SUNDAY, April 29, 2007 (HealthDay News) -- Pork products from hogs fed salvaged pet food contaminated with the chemical melamine have a "very low" likelihood of harming human health, U.S. health officials reiterated Saturday night.
In a joint statement, the U.S. Food and Drug Administration (FDA) and the U.S. Department of Agriculture (USDA) stressed, "We are not aware of any human illness that has occurred from exposure to melamine or its by-products." They added that they have identified no illnesses in swine fed the contaminated feed.
The USDA first announced on Thursday that meat from 345 hogs suspected of eating the contaminated feed had entered the U.S. food supply. Some 6,000 hogs suspected of eating the contaminated product have since been quarantined and meat from these animals would be withheld from the food supply, both agencies said.
In the statement, the FDA and USDA said the possibility of human illness from eating swine exposed to melamine remains low for several reasons: "First, it is a partial ingredient in the pet food; second, it is only part of the total feed given to the hogs; third, it is not known to accumulate in the hogs and the hogs excrete melamine in their urine; fourth, even if present in pork, pork is only a small part of the average American diet."
All of this marks another chapter in the widening pet-food scare, which has so far led to the recall of more than 100 pet food products and the illnesses and deaths of an unknown number of dogs and cats.
In its latest statement, the FDA said it believes that melamine-tainted rice protein imported from China "was used in the production of pet food, and a portion of the pet food was used to produce animal [hog] feed."
The rice protein was imported to the United States by Wilbur-Ellis, an agricultural product importer and distributor. The FDA says it is continuing its investigation of the source of the adulterated pet food, including "tracing products distributed since August 2006 by Wilbur-Ellis throughout the distribution chain."
The FDA and USDA added that, as of Thursday, they have identified sites in six states where contaminated pet food was received and used in feed given to hogs: California, Kansas, New York, North Carolina, South Carolina and Utah.
On Friday, meanwhile, FDA officials searched the facilities of a pet food manufacturer and one of its suppliers in the continuing probe of the contaminated dog and cat food products, the Associated Press reported.
The officials searched an Emporia, Kan., pet food plant operated by Menu Foods and the Las Vegas offices of ChemNutra Inc., the news service said, citing information supplied by the companies.
Menu Foods made many of the major brands of dog and cat foods that were recalled because of melamine-contaminated wheat gluten. ChemNutra supplied Menu Foods with the wheat gluten, which was also imported from China but reportedly from a different supplier than the rice protein.
Both companies said they were cooperating with the investigation, the AP said.
The swine are thought to have been exposed to food contaminated by melamine and cyanuric acid, which were sent as salvage by companies who have had to recall massive quantities of dog and cat food as the pet food recall rolls on.

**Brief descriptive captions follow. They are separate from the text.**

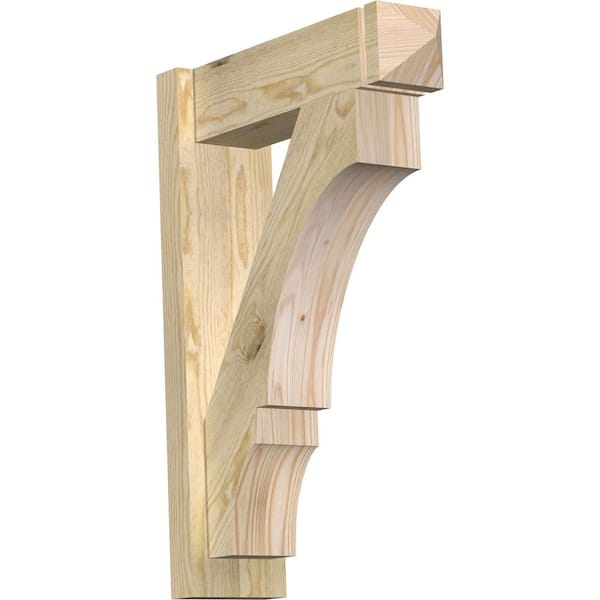 Ekena Millwork 6 in. x 28 in. x 20 in. Douglas Fir Balboa Arts and Crafts Rough Sawn Outlooker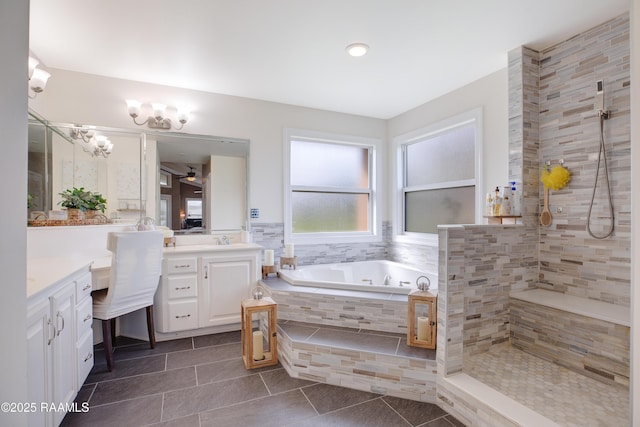 bathroom with vanity, separate shower and tub, and tile patterned flooring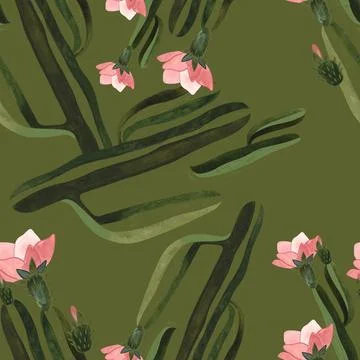 Cacti. Seamless watercolor pattern for wrapping paper, wallpaper and textiles. Stock Illustration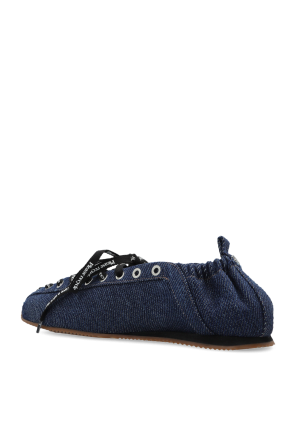 Ganni Laced denim ballet flats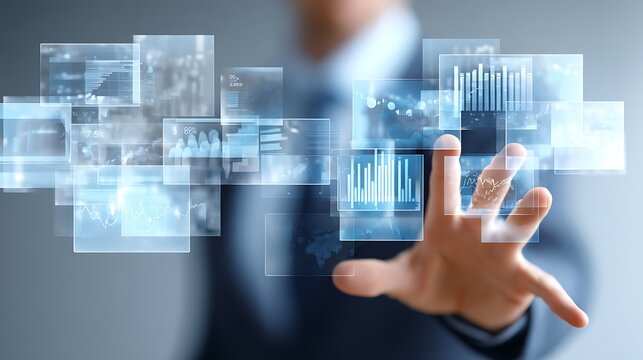 Business analytics, interface interaction and futuristic data visualization concept - Powered by Adobe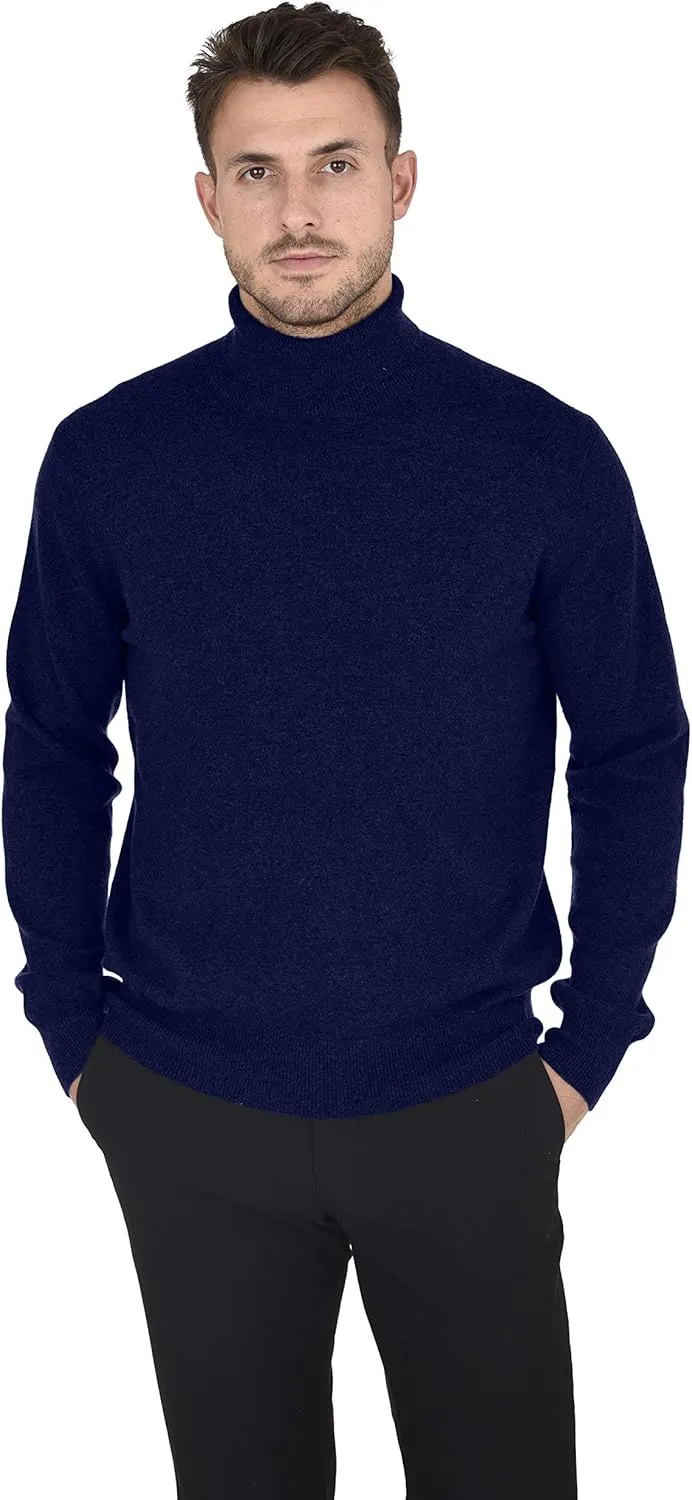 Cashmeren Men's Essential Knit Turtleneck Sweater 100% Merino Wool Long Sleeve Roll Neck Pullover
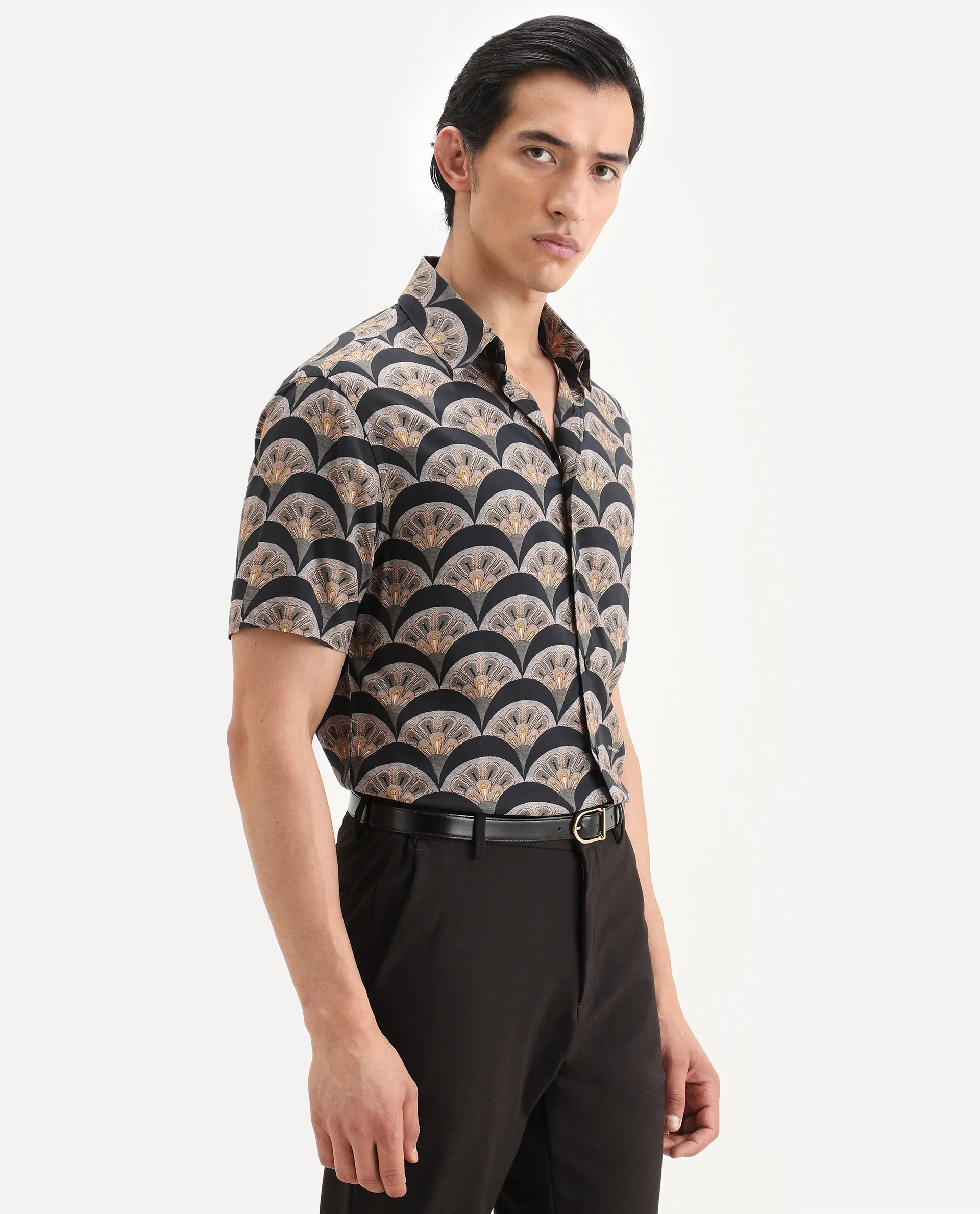 Rare Rabbit Men's Droz Black Viscose Fabric Half Sleeve Spread Collar Regular Fit Geometric Print Shirt - Image 6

"Today we notified eight states that adulterated swine products will not be approved to enter the food supply," Capt. David Elder, director of the FDA's Office of Enforcement Office of Regulatory Affairs, said during a Thursday afternoon teleconference.
According to the AP, potentially contaminated pet food scraps may also have found their way to a poultry feed mill in Missouri. That case remains under investigation.
Like melamine, cyanuric acid is a chemical that can be used to boost the apparent protein content of foods. It is most often used as a stabilizer in outdoor swimming pools and hot tubs.
"The combination of melamine and cyanuric acid is of concern to human and animal health," Elder said. "Melamine, at detected levels, is not a human health concern."
The USDA will compensate hog farmers affected by the tainted pet food, Kenneth Peterson, an assistant administrator for field operations at the USDA Food Safety and Inspection Service, said during the Thursday teleconference.
"The pork and pork products from these animals will be destroyed," Peterson added. Each year, more than 105 million hogs are slaughtered in the United States, the AP noted.
On Thursday also, China banned melamine from its food products, but rejected the charge that the substance caused the pet deaths, the AP reported.